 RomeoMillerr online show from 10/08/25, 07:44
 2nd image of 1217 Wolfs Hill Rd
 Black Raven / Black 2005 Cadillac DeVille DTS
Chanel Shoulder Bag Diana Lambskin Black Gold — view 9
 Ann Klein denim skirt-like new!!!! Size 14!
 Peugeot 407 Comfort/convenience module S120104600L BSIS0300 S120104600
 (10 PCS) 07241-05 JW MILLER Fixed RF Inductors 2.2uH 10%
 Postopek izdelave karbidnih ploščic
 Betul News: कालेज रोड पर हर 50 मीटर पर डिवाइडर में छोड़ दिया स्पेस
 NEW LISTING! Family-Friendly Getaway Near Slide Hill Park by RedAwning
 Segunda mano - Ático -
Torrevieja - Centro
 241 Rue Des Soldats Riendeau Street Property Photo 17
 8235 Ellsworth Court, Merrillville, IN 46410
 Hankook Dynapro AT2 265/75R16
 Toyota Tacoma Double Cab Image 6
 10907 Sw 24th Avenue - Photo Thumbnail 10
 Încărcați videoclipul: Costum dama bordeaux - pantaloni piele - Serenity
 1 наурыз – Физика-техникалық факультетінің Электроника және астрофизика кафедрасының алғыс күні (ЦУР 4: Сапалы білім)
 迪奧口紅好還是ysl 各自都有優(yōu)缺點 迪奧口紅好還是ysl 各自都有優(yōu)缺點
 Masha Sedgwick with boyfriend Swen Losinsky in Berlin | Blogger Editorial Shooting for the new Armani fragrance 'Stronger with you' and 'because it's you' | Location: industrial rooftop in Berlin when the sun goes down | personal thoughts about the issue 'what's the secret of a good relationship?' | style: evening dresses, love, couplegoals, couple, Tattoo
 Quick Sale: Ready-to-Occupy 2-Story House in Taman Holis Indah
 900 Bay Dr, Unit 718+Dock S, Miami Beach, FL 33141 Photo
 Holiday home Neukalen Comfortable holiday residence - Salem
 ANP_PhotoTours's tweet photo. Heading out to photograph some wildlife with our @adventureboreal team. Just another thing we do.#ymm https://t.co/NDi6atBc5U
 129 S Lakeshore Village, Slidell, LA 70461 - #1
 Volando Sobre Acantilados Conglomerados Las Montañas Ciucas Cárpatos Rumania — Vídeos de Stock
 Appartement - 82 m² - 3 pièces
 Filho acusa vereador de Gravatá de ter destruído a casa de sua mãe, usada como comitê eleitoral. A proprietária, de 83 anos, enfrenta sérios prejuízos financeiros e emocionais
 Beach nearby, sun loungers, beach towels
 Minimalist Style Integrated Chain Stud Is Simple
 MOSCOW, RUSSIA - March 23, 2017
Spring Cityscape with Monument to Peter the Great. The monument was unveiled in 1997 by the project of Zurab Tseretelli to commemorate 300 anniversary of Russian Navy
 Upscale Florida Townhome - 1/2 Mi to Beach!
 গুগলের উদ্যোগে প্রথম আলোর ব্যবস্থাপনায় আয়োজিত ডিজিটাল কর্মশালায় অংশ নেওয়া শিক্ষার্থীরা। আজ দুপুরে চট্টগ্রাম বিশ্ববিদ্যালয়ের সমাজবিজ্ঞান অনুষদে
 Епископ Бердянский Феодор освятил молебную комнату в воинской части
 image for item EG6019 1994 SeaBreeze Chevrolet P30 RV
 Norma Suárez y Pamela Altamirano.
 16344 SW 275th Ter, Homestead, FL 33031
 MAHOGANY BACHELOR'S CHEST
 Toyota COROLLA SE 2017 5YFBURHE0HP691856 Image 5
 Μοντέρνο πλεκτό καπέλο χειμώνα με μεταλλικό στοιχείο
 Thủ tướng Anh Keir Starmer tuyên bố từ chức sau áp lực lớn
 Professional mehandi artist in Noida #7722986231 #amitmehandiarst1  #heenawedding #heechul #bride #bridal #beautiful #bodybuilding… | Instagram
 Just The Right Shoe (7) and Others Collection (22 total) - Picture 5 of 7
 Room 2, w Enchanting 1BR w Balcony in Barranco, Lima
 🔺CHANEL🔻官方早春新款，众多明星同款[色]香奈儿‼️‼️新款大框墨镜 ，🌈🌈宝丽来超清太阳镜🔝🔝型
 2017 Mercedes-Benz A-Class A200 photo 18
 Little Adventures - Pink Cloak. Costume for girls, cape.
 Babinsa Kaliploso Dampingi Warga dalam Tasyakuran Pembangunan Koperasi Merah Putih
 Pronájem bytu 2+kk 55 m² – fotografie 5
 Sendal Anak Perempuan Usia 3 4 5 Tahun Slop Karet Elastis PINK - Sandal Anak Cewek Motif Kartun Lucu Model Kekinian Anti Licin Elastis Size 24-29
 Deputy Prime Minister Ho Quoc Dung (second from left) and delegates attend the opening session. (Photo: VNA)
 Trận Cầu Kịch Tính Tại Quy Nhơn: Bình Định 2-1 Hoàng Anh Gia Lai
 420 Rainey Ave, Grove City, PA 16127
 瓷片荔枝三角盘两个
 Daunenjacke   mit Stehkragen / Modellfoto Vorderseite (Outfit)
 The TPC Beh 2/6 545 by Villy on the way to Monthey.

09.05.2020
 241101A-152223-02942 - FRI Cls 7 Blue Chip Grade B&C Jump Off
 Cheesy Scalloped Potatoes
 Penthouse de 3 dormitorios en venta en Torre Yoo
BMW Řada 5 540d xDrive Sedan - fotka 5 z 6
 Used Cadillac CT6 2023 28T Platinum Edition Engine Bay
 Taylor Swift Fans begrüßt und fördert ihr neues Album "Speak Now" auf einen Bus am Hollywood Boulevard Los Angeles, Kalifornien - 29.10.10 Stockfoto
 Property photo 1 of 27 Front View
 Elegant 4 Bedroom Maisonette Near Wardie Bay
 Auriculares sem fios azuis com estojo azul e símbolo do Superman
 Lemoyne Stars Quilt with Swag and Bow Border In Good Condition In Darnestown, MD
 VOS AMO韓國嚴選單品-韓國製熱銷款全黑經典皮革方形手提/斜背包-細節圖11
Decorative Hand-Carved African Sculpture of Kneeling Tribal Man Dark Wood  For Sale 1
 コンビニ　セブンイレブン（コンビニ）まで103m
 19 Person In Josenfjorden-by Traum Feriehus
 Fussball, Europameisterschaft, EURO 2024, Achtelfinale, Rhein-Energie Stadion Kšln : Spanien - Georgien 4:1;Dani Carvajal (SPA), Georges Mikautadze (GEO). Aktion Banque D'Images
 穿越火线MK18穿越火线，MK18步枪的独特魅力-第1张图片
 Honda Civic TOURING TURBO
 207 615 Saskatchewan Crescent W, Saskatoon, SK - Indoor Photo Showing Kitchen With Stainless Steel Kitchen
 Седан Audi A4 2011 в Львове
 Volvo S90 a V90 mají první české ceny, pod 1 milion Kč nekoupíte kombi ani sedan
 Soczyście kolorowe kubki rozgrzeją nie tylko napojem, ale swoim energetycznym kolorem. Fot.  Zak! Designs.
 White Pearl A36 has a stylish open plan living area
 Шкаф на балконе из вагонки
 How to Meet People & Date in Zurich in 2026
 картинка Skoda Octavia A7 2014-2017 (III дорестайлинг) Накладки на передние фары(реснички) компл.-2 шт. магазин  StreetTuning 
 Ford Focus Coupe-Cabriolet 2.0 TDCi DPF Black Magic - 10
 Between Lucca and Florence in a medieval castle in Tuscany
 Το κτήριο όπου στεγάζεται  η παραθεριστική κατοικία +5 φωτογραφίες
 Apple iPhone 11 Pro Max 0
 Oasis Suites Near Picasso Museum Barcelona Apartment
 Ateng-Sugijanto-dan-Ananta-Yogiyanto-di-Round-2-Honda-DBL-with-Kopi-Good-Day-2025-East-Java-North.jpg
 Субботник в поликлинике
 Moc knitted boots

===============

REQUIRED WORK
Where a line in the entries holds the word "from", copy that line.

OUTPUT FOR THIS EXERCISE
 RomeoMillerr online show from 10/08/25, 07:44
 Deputy Prime Minister Ho Quoc Dung (second from left) and delegates attend the opening session. (Photo: VNA)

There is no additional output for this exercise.